EXERCISE: When the line with "Buy DUST CONTROL" is reached, include it and stop; before that, copy each line of the listing exactly from the first.

EXTRACTED ENTRIES:
........

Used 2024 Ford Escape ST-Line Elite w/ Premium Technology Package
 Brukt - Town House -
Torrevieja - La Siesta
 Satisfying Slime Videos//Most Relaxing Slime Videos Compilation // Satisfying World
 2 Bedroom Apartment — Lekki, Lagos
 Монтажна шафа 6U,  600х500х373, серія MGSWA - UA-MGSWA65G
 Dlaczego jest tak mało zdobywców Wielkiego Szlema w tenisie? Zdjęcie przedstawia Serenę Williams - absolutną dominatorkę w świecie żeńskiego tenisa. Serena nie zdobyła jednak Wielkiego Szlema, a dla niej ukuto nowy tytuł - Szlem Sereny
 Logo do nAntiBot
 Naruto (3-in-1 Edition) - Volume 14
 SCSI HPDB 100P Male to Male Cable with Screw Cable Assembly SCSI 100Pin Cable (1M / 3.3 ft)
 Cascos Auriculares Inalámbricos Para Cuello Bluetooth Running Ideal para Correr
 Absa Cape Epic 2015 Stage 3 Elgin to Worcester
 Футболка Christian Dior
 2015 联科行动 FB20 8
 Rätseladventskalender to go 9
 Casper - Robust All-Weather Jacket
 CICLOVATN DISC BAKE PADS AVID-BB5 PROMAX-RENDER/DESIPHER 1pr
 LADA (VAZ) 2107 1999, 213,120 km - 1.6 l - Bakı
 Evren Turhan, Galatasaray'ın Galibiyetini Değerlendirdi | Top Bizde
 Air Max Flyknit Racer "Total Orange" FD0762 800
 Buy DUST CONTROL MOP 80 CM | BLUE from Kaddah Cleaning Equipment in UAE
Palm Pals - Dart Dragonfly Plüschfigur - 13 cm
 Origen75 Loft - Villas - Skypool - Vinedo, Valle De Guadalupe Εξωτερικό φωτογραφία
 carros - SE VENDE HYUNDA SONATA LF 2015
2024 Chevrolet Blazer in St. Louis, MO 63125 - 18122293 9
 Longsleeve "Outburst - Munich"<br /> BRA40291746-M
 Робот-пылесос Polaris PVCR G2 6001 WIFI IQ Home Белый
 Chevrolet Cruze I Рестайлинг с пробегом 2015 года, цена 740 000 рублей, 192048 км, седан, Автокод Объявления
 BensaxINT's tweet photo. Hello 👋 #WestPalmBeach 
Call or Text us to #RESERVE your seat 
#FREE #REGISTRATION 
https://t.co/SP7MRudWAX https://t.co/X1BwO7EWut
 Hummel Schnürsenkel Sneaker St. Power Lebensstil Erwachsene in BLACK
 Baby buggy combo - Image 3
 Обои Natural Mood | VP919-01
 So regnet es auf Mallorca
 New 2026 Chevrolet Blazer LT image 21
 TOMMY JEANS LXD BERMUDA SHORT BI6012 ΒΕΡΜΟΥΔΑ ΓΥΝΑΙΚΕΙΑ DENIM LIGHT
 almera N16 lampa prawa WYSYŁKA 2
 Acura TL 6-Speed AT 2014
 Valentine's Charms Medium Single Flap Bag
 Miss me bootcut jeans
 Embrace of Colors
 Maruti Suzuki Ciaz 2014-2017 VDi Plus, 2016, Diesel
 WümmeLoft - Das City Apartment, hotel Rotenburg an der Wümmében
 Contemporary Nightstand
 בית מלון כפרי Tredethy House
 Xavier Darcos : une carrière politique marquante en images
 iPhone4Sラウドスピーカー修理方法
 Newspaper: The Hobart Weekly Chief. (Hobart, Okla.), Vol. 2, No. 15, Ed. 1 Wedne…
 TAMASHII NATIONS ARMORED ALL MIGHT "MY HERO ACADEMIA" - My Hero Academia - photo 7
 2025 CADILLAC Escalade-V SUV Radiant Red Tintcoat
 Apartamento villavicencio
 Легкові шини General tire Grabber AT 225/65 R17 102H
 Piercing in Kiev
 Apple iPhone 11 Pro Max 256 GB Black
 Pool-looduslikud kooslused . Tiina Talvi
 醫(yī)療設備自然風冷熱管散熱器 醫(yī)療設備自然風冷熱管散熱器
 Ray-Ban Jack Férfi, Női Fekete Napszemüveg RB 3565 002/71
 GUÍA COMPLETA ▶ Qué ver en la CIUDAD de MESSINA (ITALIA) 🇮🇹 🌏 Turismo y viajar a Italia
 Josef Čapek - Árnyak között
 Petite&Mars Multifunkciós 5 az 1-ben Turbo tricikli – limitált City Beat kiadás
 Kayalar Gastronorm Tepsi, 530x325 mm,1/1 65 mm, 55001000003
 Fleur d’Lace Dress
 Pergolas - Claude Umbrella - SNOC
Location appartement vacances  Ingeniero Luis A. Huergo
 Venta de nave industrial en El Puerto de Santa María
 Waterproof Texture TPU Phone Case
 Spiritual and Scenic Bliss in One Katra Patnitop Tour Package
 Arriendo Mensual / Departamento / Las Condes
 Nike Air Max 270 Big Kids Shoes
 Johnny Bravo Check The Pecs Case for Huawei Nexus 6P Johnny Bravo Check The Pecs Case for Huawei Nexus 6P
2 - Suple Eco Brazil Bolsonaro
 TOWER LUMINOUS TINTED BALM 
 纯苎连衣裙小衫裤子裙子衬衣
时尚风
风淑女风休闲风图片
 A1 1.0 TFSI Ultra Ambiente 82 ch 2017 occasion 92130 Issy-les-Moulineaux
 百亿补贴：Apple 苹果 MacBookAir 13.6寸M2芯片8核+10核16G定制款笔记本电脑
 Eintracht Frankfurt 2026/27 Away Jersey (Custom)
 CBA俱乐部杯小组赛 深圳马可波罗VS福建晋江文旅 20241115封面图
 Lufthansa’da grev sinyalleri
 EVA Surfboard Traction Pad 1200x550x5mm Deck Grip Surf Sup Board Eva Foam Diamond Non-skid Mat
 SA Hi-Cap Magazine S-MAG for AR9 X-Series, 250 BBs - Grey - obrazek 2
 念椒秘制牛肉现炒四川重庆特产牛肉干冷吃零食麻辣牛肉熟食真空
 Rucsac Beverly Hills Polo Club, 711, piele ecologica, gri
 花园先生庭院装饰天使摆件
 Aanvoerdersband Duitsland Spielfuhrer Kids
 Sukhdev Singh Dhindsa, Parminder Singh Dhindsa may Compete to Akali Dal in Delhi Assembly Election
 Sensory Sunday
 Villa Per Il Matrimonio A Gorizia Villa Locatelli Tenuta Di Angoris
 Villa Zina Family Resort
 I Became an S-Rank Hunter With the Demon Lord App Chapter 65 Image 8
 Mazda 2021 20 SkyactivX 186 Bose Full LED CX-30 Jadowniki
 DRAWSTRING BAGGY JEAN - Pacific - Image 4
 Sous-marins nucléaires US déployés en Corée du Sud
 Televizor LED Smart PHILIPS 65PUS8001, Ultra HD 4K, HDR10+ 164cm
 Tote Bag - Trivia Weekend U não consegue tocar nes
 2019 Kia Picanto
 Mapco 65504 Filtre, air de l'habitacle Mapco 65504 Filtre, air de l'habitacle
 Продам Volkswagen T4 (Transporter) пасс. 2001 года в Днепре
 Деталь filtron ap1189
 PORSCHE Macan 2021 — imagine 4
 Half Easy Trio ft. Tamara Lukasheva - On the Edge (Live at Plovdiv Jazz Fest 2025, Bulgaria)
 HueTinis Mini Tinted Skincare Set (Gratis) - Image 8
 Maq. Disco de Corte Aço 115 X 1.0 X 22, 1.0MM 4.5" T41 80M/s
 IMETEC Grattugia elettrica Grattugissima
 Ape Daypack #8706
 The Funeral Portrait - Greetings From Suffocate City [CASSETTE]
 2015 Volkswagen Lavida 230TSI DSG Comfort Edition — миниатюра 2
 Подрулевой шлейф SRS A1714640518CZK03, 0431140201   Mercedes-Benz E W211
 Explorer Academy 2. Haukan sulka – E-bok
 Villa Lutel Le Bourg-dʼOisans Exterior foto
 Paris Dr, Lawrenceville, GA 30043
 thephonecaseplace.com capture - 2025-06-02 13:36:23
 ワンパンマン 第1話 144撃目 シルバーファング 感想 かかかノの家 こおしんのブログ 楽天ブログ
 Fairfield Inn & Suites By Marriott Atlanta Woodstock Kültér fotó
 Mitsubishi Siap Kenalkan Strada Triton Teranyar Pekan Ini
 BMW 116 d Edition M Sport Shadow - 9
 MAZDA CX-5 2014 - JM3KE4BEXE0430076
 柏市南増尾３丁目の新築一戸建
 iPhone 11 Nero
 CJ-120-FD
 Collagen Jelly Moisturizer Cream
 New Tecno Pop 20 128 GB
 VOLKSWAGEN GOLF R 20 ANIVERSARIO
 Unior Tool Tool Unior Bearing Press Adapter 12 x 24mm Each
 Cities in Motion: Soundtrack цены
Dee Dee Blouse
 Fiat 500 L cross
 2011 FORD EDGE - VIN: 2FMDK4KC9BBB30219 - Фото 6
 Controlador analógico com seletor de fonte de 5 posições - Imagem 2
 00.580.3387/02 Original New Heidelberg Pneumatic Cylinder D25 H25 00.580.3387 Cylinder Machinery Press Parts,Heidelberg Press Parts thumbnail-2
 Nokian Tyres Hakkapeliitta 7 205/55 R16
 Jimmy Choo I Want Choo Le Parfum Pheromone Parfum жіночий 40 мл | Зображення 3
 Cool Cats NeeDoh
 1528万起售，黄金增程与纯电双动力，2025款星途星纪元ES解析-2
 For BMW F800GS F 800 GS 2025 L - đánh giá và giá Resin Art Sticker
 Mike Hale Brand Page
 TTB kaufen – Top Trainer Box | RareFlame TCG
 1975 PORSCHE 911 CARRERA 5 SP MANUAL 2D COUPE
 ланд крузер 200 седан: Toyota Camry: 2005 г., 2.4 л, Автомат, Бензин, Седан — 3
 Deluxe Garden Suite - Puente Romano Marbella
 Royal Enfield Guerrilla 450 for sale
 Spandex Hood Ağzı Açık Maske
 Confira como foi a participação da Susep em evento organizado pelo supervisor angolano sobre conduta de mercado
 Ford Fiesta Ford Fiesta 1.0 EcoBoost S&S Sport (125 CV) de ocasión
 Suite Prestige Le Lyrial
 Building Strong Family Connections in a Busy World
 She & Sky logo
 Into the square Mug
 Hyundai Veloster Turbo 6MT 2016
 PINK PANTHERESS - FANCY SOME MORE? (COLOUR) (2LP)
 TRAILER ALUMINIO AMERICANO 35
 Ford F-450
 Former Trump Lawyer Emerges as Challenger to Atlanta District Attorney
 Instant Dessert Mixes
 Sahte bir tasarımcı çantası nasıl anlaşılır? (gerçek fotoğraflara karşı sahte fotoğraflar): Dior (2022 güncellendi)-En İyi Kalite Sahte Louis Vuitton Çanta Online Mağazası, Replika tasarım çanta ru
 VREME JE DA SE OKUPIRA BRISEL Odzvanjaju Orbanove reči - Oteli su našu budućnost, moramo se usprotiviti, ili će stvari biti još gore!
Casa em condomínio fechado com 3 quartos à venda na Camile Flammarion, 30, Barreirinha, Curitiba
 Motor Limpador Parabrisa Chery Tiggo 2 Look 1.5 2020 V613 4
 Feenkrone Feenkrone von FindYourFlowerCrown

........

TASK RESPONSE:
Used 2024 Ford Escape ST-Line Elite w/ Premium Technology Package
 Brukt - Town House -
Torrevieja - La Siesta
 Satisfying Slime Videos//Most Relaxing Slime Videos Compilation // Satisfying World
 2 Bedroom Apartment — Lekki, Lagos
 Монтажна шафа 6U,  600х500х373, серія MGSWA - UA-MGSWA65G
 Dlaczego jest tak mało zdobywców Wielkiego Szlema w tenisie? Zdjęcie przedstawia Serenę Williams - absolutną dominatorkę w świecie żeńskiego tenisa. Serena nie zdobyła jednak Wielkiego Szlema, a dla niej ukuto nowy tytuł - Szlem Sereny
 Logo do nAntiBot
 Naruto (3-in-1 Edition) - Volume 14
 SCSI HPDB 100P Male to Male Cable with Screw Cable Assembly SCSI 100Pin Cable (1M / 3.3 ft)
 Cascos Auriculares Inalámbricos Para Cuello Bluetooth Running Ideal para Correr
 Absa Cape Epic 2015 Stage 3 Elgin to Worcester
 Футболка Christian Dior
 2015 联科行动 FB20 8
 Rätseladventskalender to go 9
 Casper - Robust All-Weather Jacket
 CICLOVATN DISC BAKE PADS AVID-BB5 PROMAX-RENDER/DESIPHER 1pr
 LADA (VAZ) 2107 1999, 213,120 km - 1.6 l - Bakı
 Evren Turhan, Galatasaray'ın Galibiyetini Değerlendirdi | Top Bizde
 Air Max Flyknit Racer "Total Orange" FD0762 800
 Buy DUST CONTROL MOP 80 CM | BLUE from Kaddah Cleaning Equipment in UAE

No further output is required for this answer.